DATASET

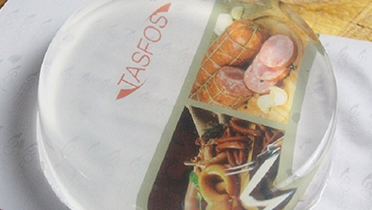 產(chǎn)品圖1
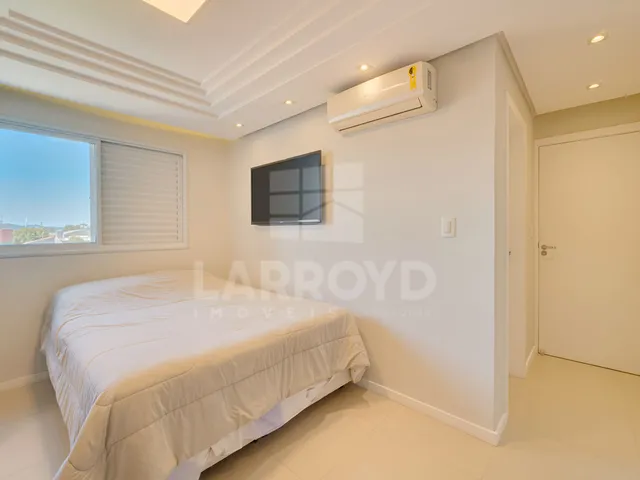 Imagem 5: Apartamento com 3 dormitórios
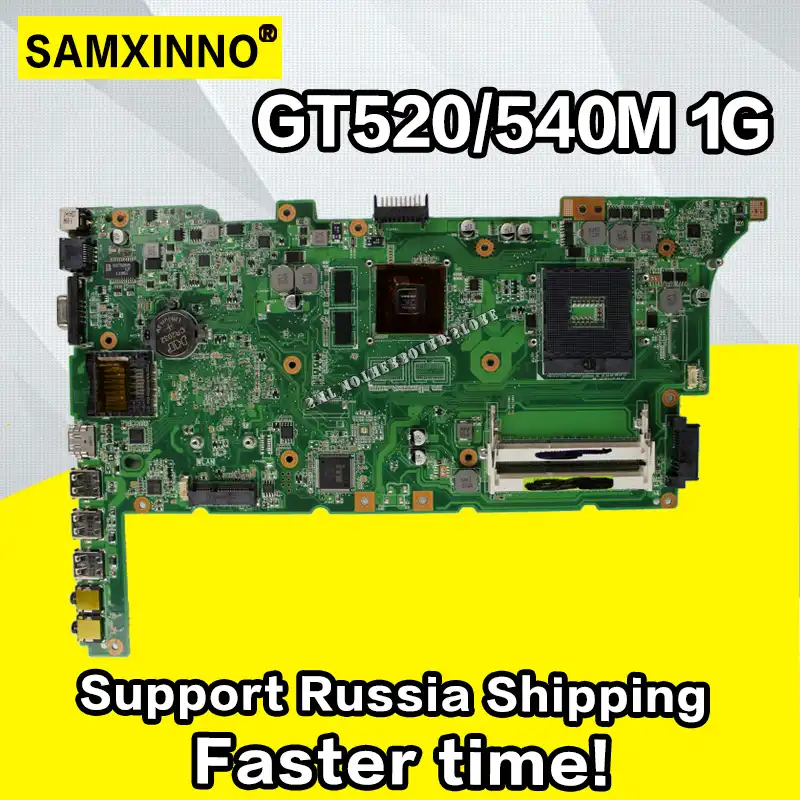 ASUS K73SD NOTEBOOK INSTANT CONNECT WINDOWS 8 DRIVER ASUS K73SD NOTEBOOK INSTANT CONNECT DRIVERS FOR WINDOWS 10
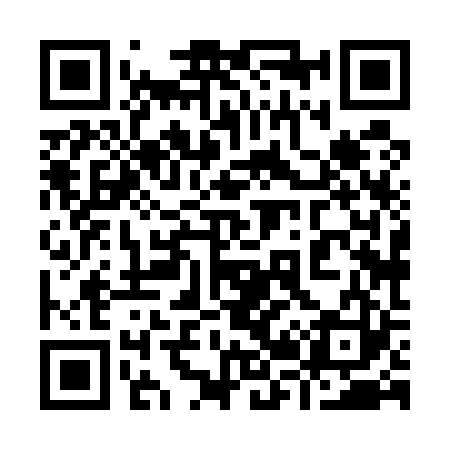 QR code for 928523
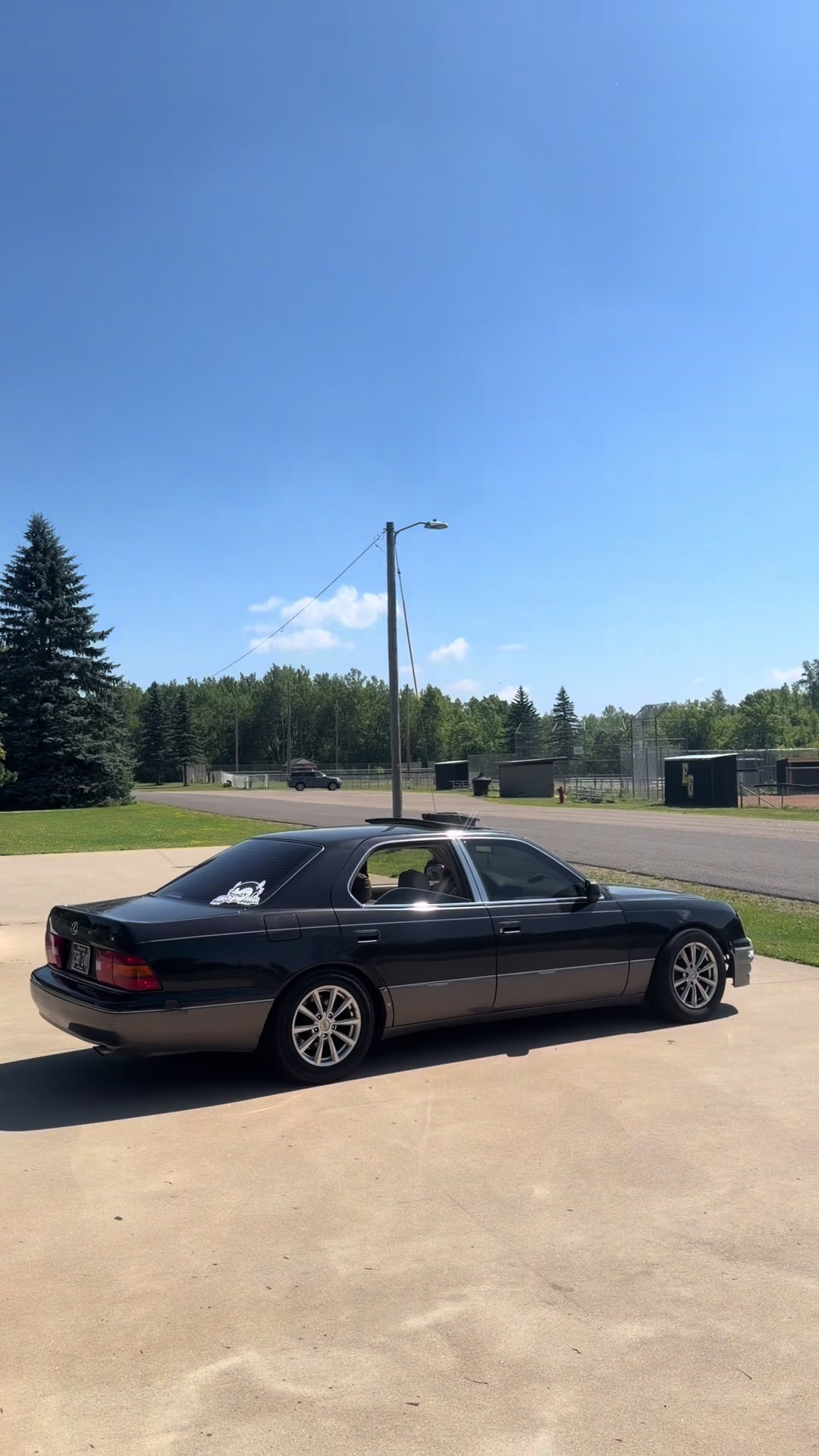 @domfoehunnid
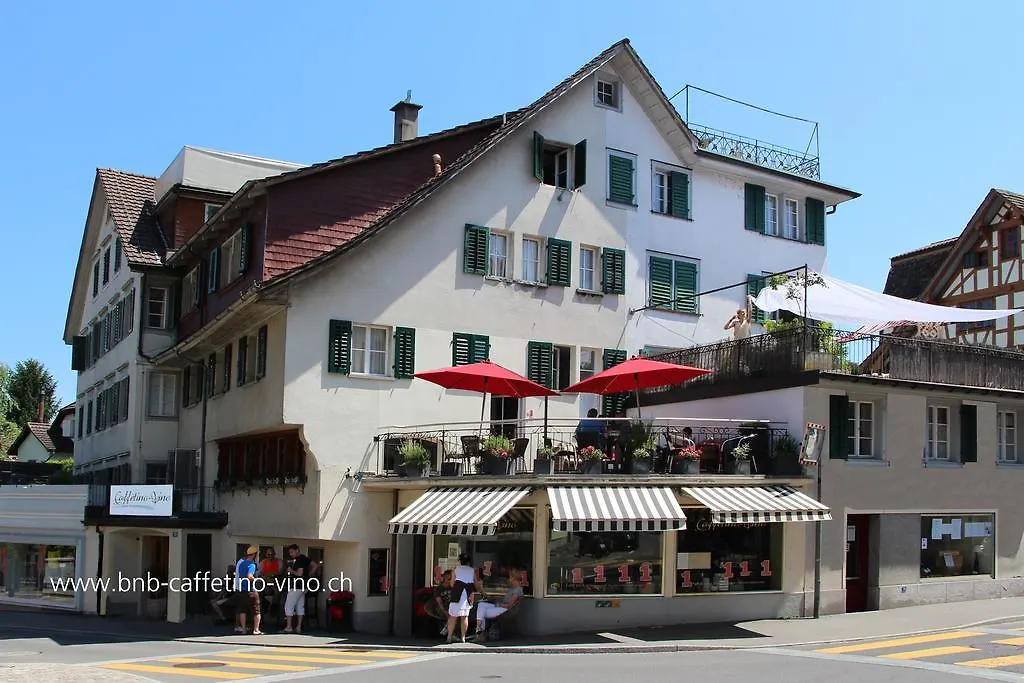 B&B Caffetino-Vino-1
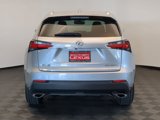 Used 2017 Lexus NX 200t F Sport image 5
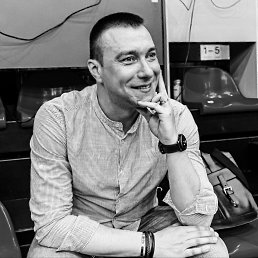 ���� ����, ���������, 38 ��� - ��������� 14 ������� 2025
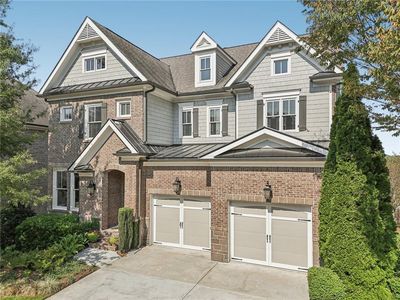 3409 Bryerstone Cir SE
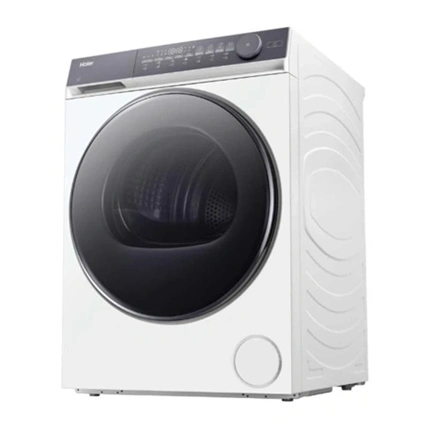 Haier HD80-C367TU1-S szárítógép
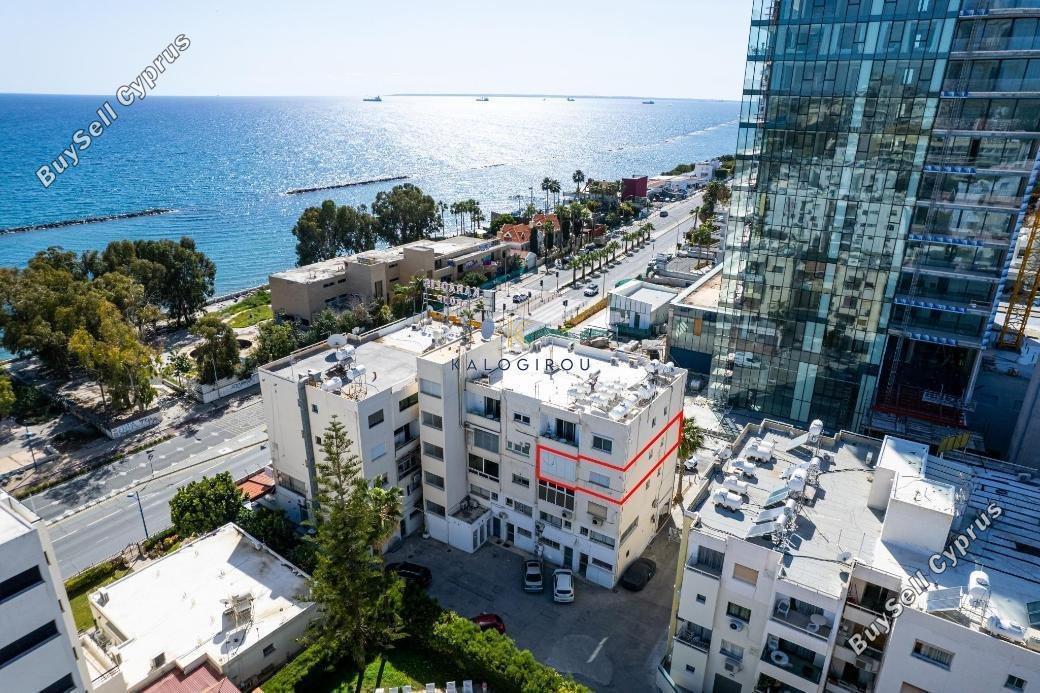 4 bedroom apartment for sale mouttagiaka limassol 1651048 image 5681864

PROBLEM DESCRIPTION
In the records above, find the line that contains "Imagem 5: Apartamento com 3 dormitórios". Retype it and every line after it, exactly, leaving out all pictures.

RESULT OF THIS EXERCISE
 Imagem 5: Apartamento com 3 dormitórios
 ASUS K73SD NOTEBOOK INSTANT CONNECT WINDOWS 8 DRIVER ASUS K73SD NOTEBOOK INSTANT CONNECT DRIVERS FOR WINDOWS 10
 QR code for 928523
 @domfoehunnid
 B&B Caffetino-Vino-1
 Used 2017 Lexus NX 200t F Sport image 5
 ���� ����, ���������, 38 ��� - ��������� 14 ������� 2025
 3409 Bryerstone Cir SE
 Haier HD80-C367TU1-S szárítógép
 4 bedroom apartment for sale mouttagiaka limassol 1651048 image 5681864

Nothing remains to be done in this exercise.